Fogiel podkreślił, że „musimy być silni jako region” Europy środkowo-wschodniej. Jak mówił, m.in. zaproszenie dla Ukrainy do członkostwa w Unii Europejskiej „nie wzięło się znikąd – to była presja państw naszego regionu”. „Musimy wykorzystać swoją wagę, żeby wpływać na tę politykę wewnętrzną w UE” – dodał Fogiel.

Jak podkreślił Pavilionis, „wojnę można wygrać tylko razem”, a „najgłupszą rzeczą są spory między państwami”. Litewski polityk ocenił, że obecne czasy są „kluczowe”, ale – jak mówił – bardziej niż 1939 przypominają 1942 rok, gdy hitlerowskie Niemcy zaczęły przegrywać wojnę. „Problem polega na tym, że obecnie Hitlerem i Stalinem jest jedna osoba – Władimir Putin” – mówił, przypominając, że po II wojnie światowej „Polska i kraje bałtyckie zostały poświęcone” i pozostawione w sowieckiej strefie wpływów.

Pavilionis przestrzegł przed polityką „obłaskawiania” Rosji. Jak mówił, obserwował ją ze strony państw zachodnich w czasach rosyjskiej agresji na Gruzję i prezydentury Lecha Kaczyńskiego w Polsce. „Teraz musimy zadbać o to, żeby wszyscy członkowie NATO i UE nas posłuchali” – zaznaczył.

Ocenił, że następne miesiące będą kluczowe. „Mam nadzieję, że te siły w pełni zaangażowane w doprowadzenie do porażki Moskwy wygrają – w Polsce, gdzie niedługo będą wybory, i na Litwie, gdzie będą wybory w przyszłym roku” – oświadczył.

Do polityki obłaskawiania Rosji nawiązał też Radosław Fogiel.

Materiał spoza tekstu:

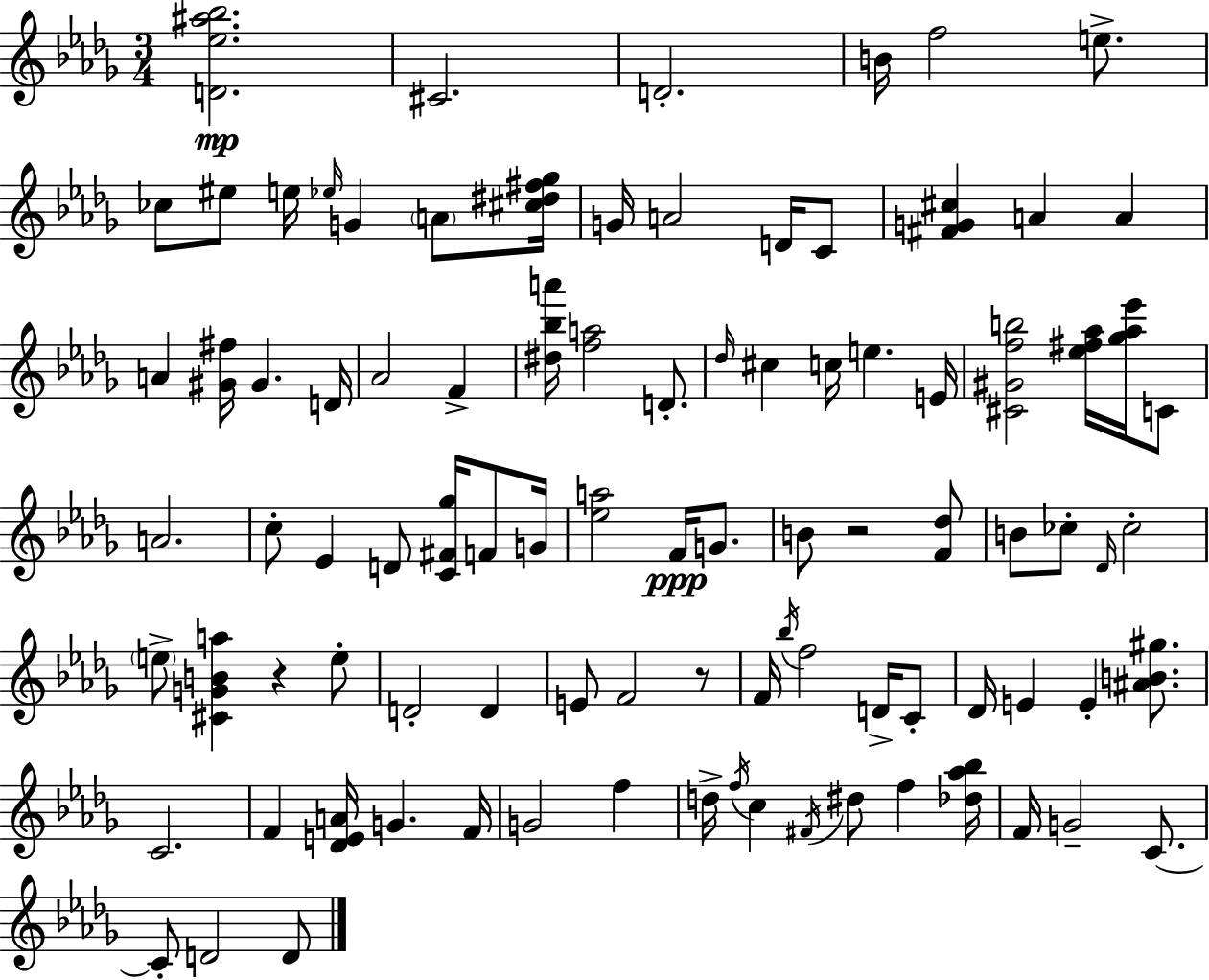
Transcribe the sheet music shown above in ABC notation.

Przyznał on, że obecnie, po rosyjskiej agresji na Ukrainę „przynajmniej na papierze i werbalnie nie jest ona już realizowana”. „Rozczarowujące są jednak ostatnie doniesienia z Berlina, mówiące, że Niemcy jednak nie chcą wydawać odpowiedniego procentu swojego PKB na zbrojenia, jak postulowaliśmy to na szczycie w NATO Wilnie” – stwierdził Fogiel.